TASK REQUIREMENTS:
With the pictures left aside, write out the entries that follow exactly.

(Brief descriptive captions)
==============================

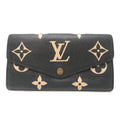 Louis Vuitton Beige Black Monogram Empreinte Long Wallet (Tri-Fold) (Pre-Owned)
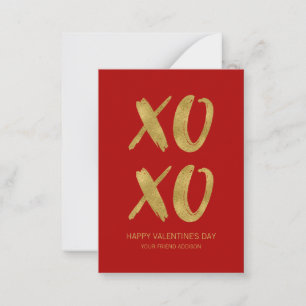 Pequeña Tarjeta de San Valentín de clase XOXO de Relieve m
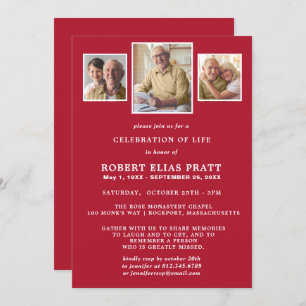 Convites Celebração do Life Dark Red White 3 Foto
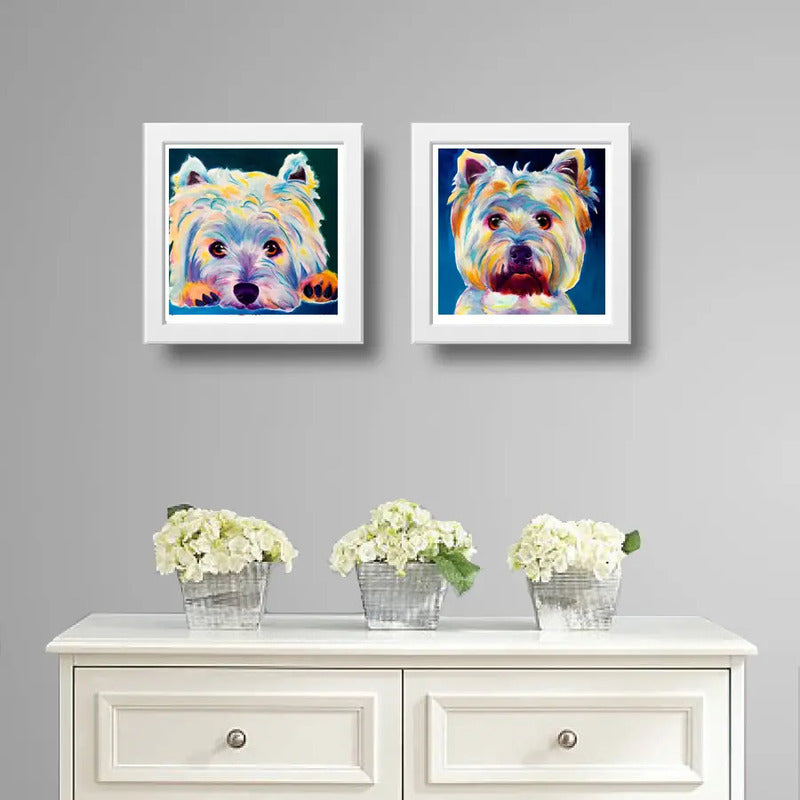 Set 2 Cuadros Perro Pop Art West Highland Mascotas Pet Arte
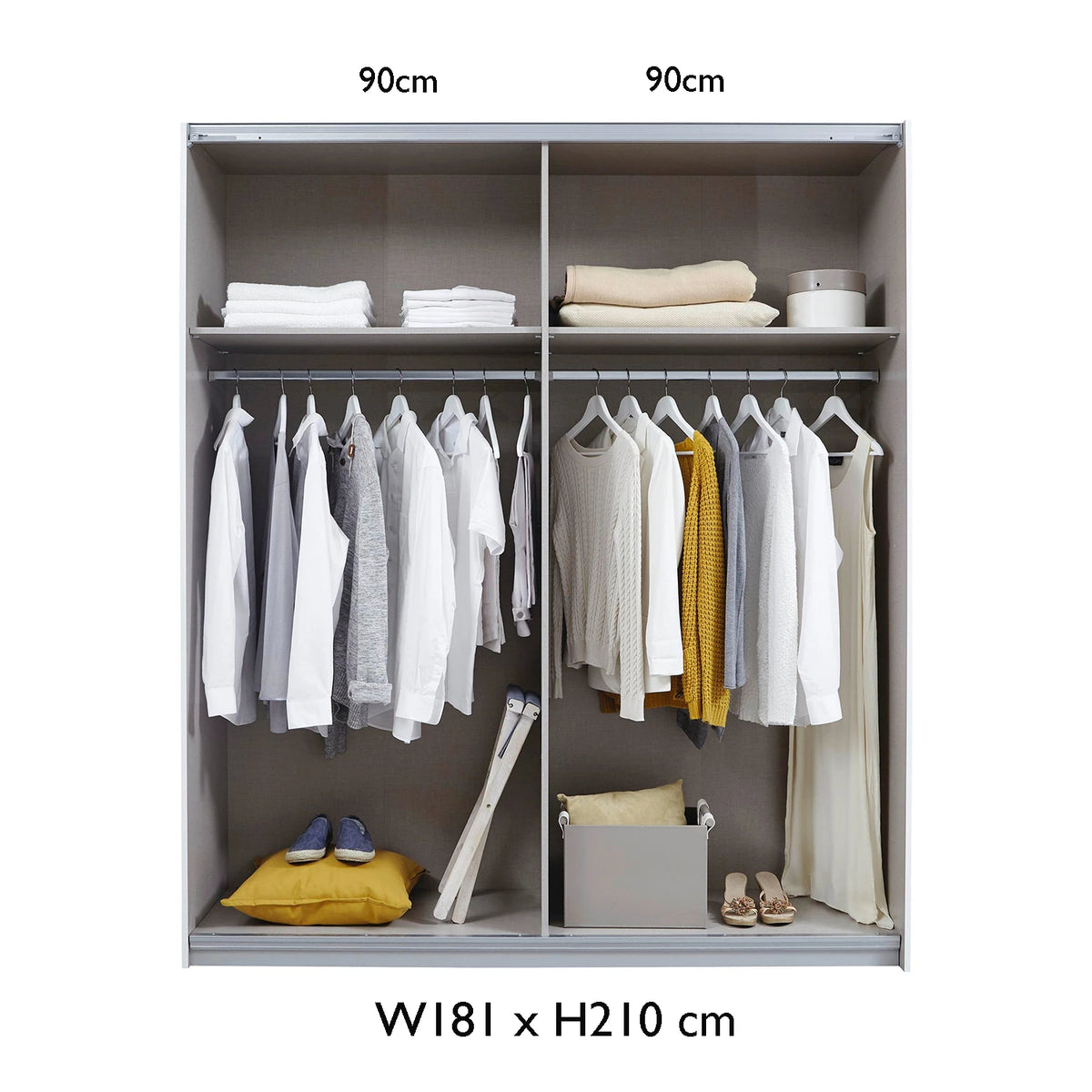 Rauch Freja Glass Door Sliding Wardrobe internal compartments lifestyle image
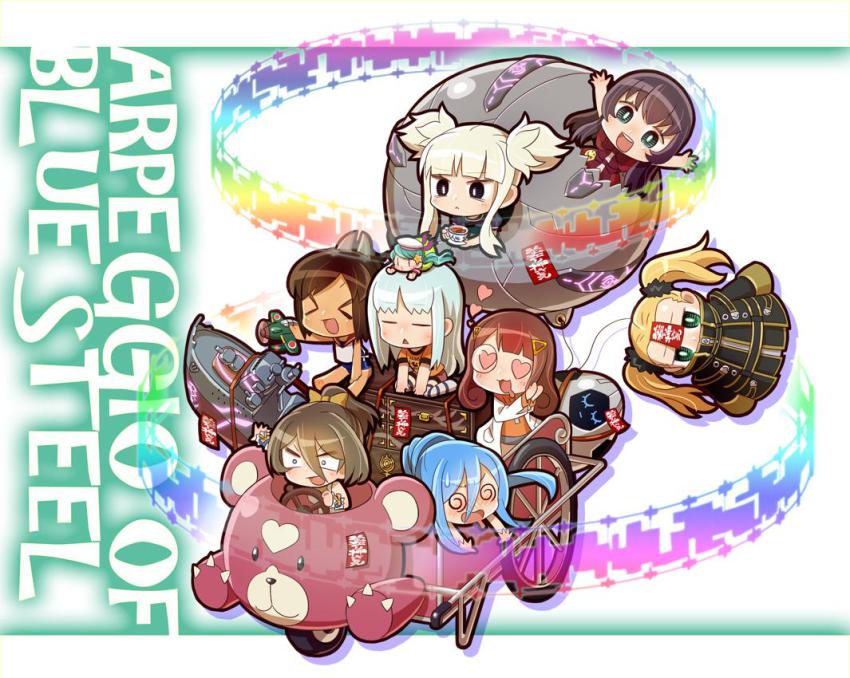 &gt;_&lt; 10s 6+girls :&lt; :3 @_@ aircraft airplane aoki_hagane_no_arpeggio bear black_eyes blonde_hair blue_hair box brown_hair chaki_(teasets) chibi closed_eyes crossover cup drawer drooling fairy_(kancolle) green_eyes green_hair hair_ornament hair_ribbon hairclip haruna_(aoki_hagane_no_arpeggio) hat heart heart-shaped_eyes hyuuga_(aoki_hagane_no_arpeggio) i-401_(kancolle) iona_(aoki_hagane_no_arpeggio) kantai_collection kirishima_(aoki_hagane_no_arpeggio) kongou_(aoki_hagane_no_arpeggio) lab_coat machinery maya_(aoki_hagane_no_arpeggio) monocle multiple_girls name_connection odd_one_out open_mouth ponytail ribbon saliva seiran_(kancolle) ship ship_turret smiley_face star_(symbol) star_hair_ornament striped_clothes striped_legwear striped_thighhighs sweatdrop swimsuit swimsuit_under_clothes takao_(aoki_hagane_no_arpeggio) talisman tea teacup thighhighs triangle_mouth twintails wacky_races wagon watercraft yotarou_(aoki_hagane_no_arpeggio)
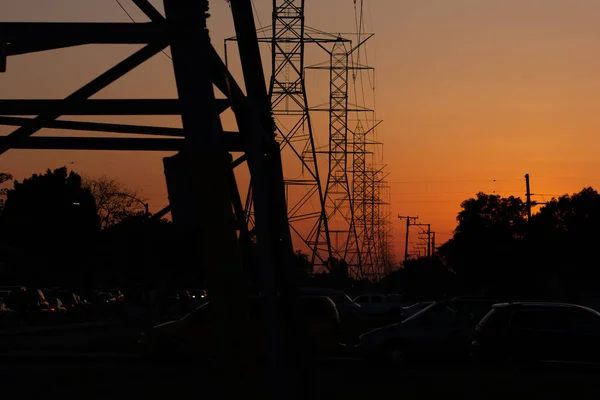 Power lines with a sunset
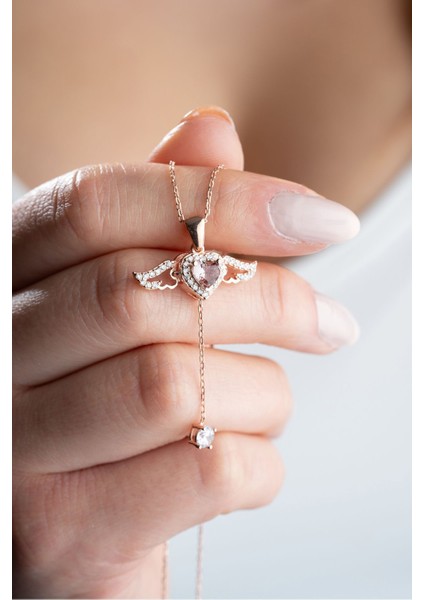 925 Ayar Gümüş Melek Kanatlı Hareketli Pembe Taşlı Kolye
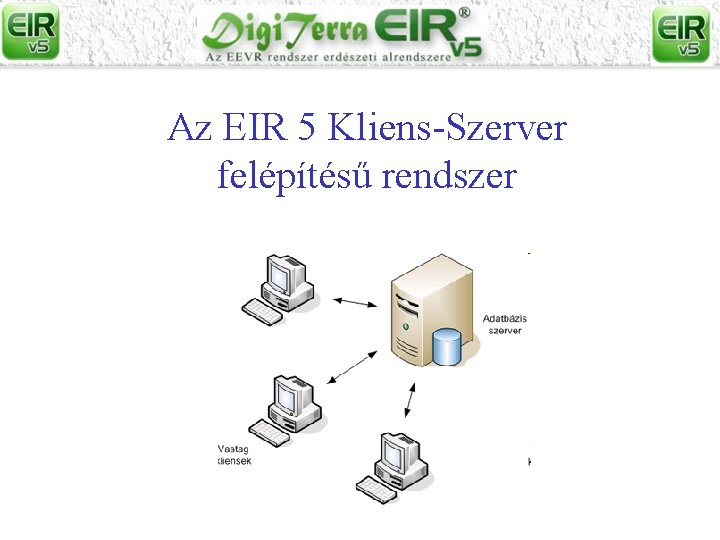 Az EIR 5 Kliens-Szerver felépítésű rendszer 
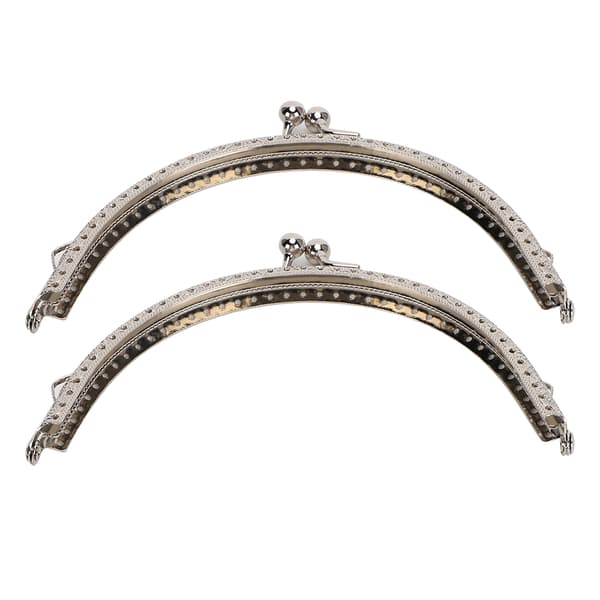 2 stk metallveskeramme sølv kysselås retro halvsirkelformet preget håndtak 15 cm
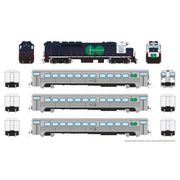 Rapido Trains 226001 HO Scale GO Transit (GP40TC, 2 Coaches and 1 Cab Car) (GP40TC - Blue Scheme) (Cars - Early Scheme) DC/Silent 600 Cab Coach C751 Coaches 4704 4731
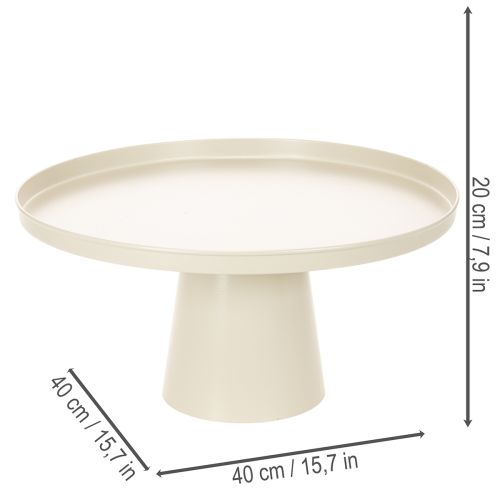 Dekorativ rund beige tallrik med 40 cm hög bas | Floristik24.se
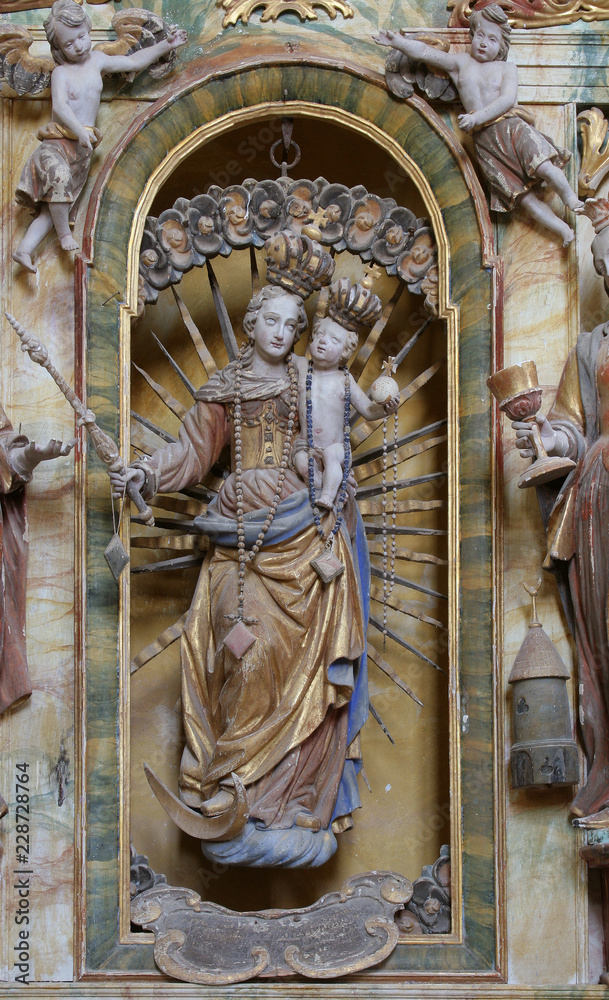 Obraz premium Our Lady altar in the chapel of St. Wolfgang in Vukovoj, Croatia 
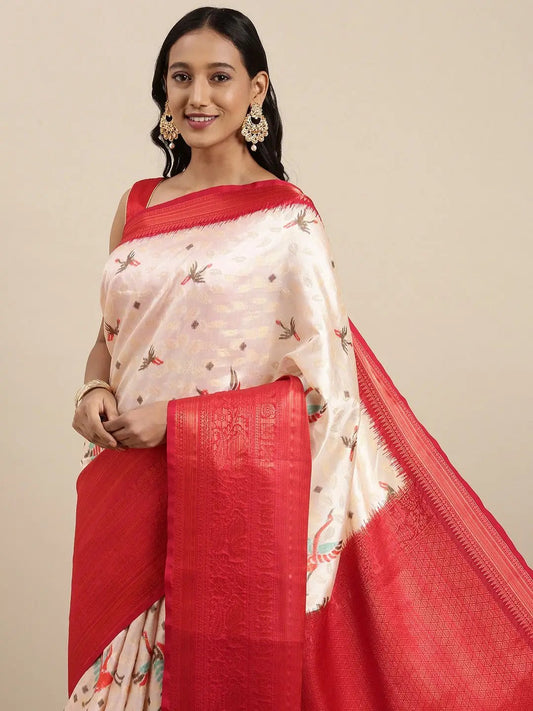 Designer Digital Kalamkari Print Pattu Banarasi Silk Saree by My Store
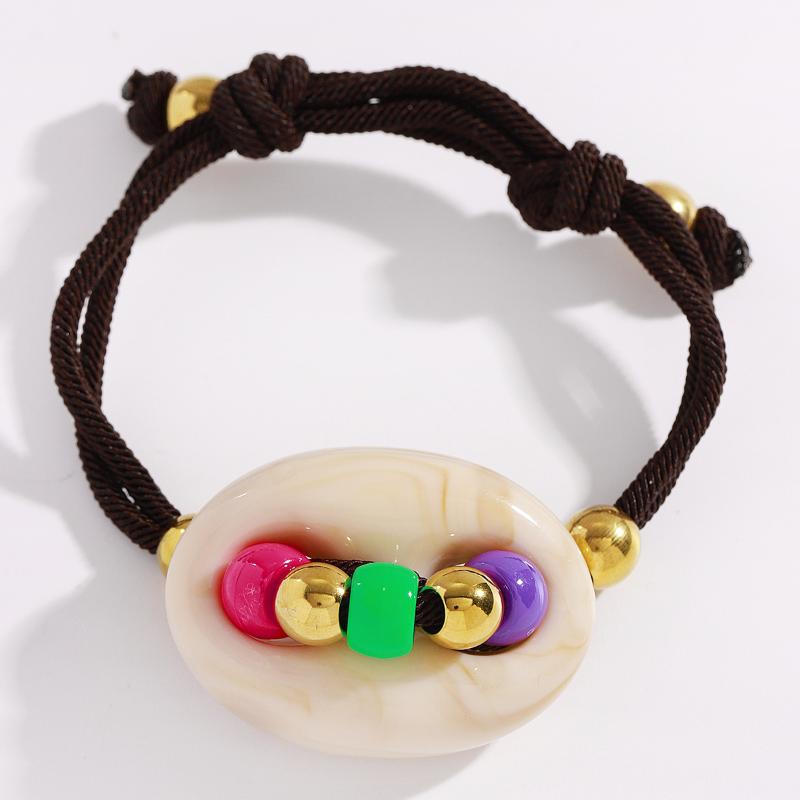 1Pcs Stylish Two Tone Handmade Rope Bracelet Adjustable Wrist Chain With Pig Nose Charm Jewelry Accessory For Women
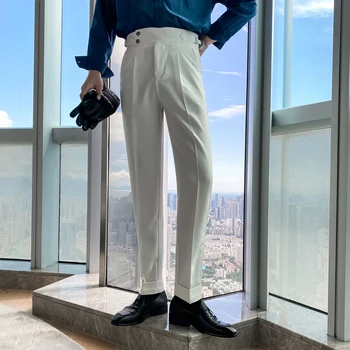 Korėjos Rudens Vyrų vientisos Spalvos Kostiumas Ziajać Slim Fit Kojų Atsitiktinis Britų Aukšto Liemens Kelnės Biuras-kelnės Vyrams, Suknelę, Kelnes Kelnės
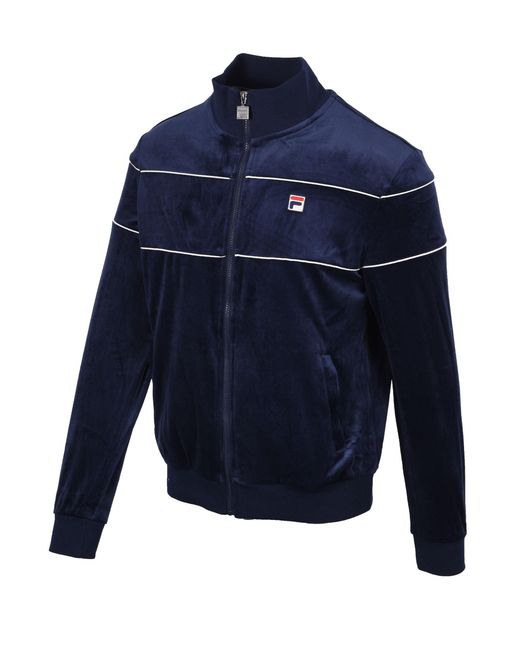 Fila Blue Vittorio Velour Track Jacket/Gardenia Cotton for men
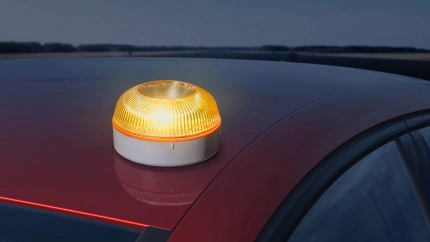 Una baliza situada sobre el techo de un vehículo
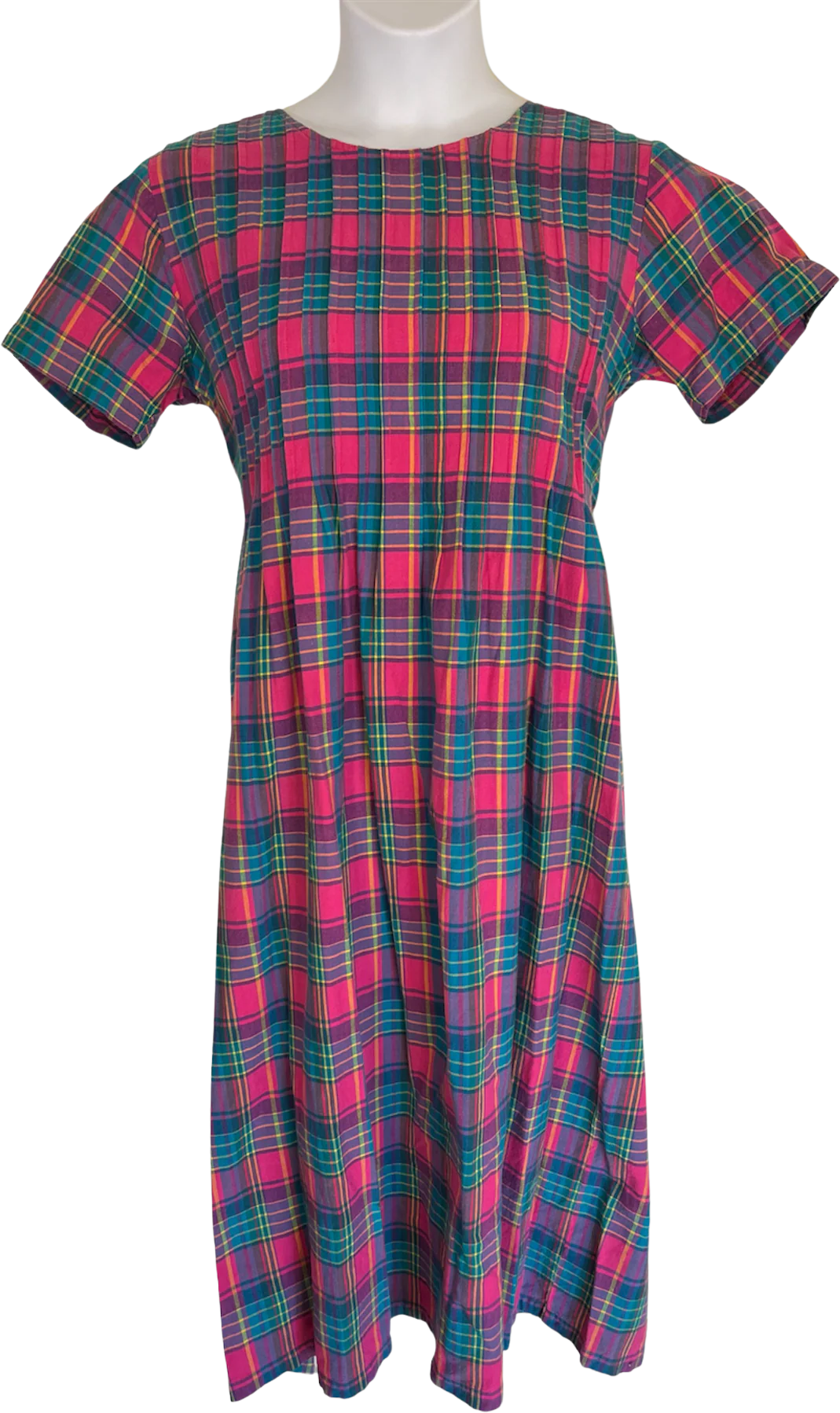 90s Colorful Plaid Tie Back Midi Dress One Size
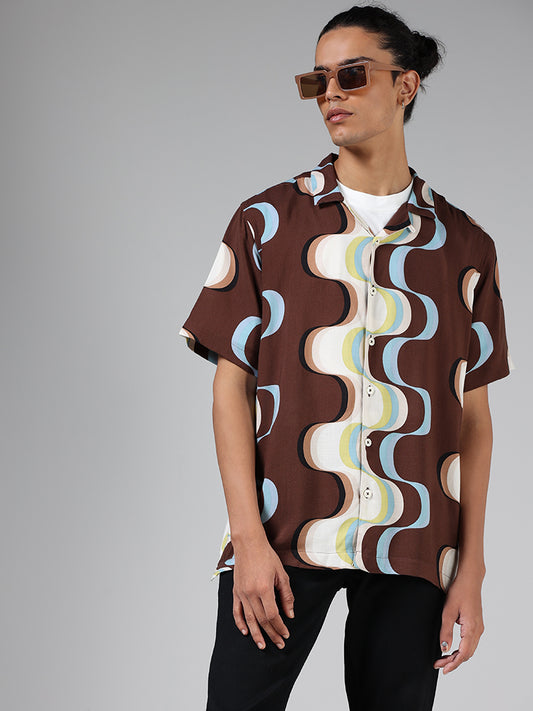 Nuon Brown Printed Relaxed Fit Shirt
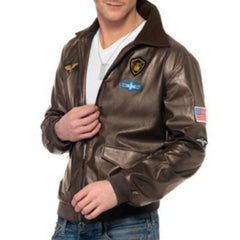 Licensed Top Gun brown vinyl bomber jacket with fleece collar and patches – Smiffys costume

==============================

OUTPUT FOR THIS TASK:
 Louis Vuitton Beige Black Monogram Empreinte Long Wallet (Tri-Fold) (Pre-Owned)
 Pequeña Tarjeta de San Valentín de clase XOXO de Relieve m
 Convites Celebração do Life Dark Red White 3 Foto
 Set 2 Cuadros Perro Pop Art West Highland Mascotas Pet Arte
 Rauch Freja Glass Door Sliding Wardrobe internal compartments lifestyle image
 &gt;_&lt; 10s 6+girls :&lt; :3 @_@ aircraft airplane aoki_hagane_no_arpeggio bear black_eyes blonde_hair blue_hair box brown_hair chaki_(teasets) chibi closed_eyes crossover cup drawer drooling fairy_(kancolle) green_eyes green_hair hair_ornament hair_ribbon hairclip haruna_(aoki_hagane_no_arpeggio) hat heart heart-shaped_eyes hyuuga_(aoki_hagane_no_arpeggio) i-401_(kancolle) iona_(aoki_hagane_no_arpeggio) kantai_collection kirishima_(aoki_hagane_no_arpeggio) kongou_(aoki_hagane_no_arpeggio) lab_coat machinery maya_(aoki_hagane_no_arpeggio) monocle multiple_girls name_connection odd_one_out open_mouth ponytail ribbon saliva seiran_(kancolle) ship ship_turret smiley_face star_(symbol) star_hair_ornament striped_clothes striped_legwear striped_thighhighs sweatdrop swimsuit swimsuit_under_clothes takao_(aoki_hagane_no_arpeggio) talisman tea teacup thighhighs triangle_mouth twintails wacky_races wagon watercraft yotarou_(aoki_hagane_no_arpeggio)
 Power lines with a sunset
 925 Ayar Gümüş Melek Kanatlı Hareketli Pembe Taşlı Kolye
 Az EIR 5 Kliens-Szerver felépítésű rendszer 
 2 stk metallveskeramme sølv kysselås retro halvsirkelformet preget håndtak 15 cm
 Rapido Trains 226001 HO Scale GO Transit (GP40TC, 2 Coaches and 1 Cab Car) (GP40TC - Blue Scheme) (Cars - Early Scheme) DC/Silent 600 Cab Coach C751 Coaches 4704 4731
 Dekorativ rund beige tallrik med 40 cm hög bas | Floristik24.se
 Obraz premium Our Lady altar in the chapel of St. Wolfgang in Vukovoj, Croatia 
 Designer Digital Kalamkari Print Pattu Banarasi Silk Saree by My Store
 1Pcs Stylish Two Tone Handmade Rope Bracelet Adjustable Wrist Chain With Pig Nose Charm Jewelry Accessory For Women
 Korėjos Rudens Vyrų vientisos Spalvos Kostiumas Ziajać Slim Fit Kojų Atsitiktinis Britų Aukšto Liemens Kelnės Biuras-kelnės Vyrams, Suknelę, Kelnes Kelnės
 Fila Blue Vittorio Velour Track Jacket/Gardenia Cotton for men
 Una baliza situada sobre el techo de un vehículo
 90s Colorful Plaid Tie Back Midi Dress One Size
 Nuon Brown Printed Relaxed Fit Shirt
 Licensed Top Gun brown vinyl bomber jacket with fleece collar and patches – Smiffys costume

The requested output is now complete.